The fork is also not original either.


----------



## Lance Vangraham (May 11, 2017)

This one will be a fairly quick project and I'll be selling it as a "bar bike". Going to try clr on that rust and see if the og paint comes back to life


----------



## Lance Vangraham (May 11, 2017)

Got it in the shop tonight. Soaking it down with penetrant. Took a few more pictures, crank hits the frame a tiny bit, so I may change that out for a diff one. Super light so I am thinking it will make a great bar bike for someone. Here are a few more pics.


----------



## partsguy (May 17, 2017)

Lance Vangraham said:


> Got it in the shop tonight. Soaking it down with penetrant. Took a few more pictures, crank hits the frame a tiny bit, so I may change that out for a diff one. Super light so I am thinking it will make a great bar bike for someone.

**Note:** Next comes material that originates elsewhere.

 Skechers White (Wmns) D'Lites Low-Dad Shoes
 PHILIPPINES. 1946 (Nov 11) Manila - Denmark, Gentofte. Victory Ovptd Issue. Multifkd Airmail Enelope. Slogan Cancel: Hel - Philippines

Here are a few more pics.
> 
> View attachment 465508
> 
> ...




 What is a "bar bike"?

I MIGHT have a spare crank for this exact style of Huffy. I will have to check when I get home Friday night though.


----------



## Lance Vangraham (May 18, 2017)

partsguy said:


> What is a "bar bike"?
> 
> I MIGHT have a spare crank for this exact style of Huffy. I will have to check when I get home Friday night though.



 A bar bike is a bike that would be used as transportation when you go bar hopping. I got the crank set in good working g order and cleaned up now. Thanks though!


----------



## Lance Vangraham (May 18, 2017)

Here is an update on my progress. Waiting on tires to show up and that's about it. There was chrome under that rust!


----------



## partsguy (May 18, 2017)

Looking good man!!

Thanks for the info too!


----------



## Oilit (May 18, 2017)

partsguy said:


> The fork is also not original either.



The fork is not original? The patina matches (I was going to say "paint" but thought better of it), so I would have never guessed. What's the tip-off?


----------



## Lance Vangraham (May 18, 2017)

Oilit said:


> The fork is not original? The patina matches (I was going to say "paint" but thought better of it), so I would have never guessed. What's the tip-off?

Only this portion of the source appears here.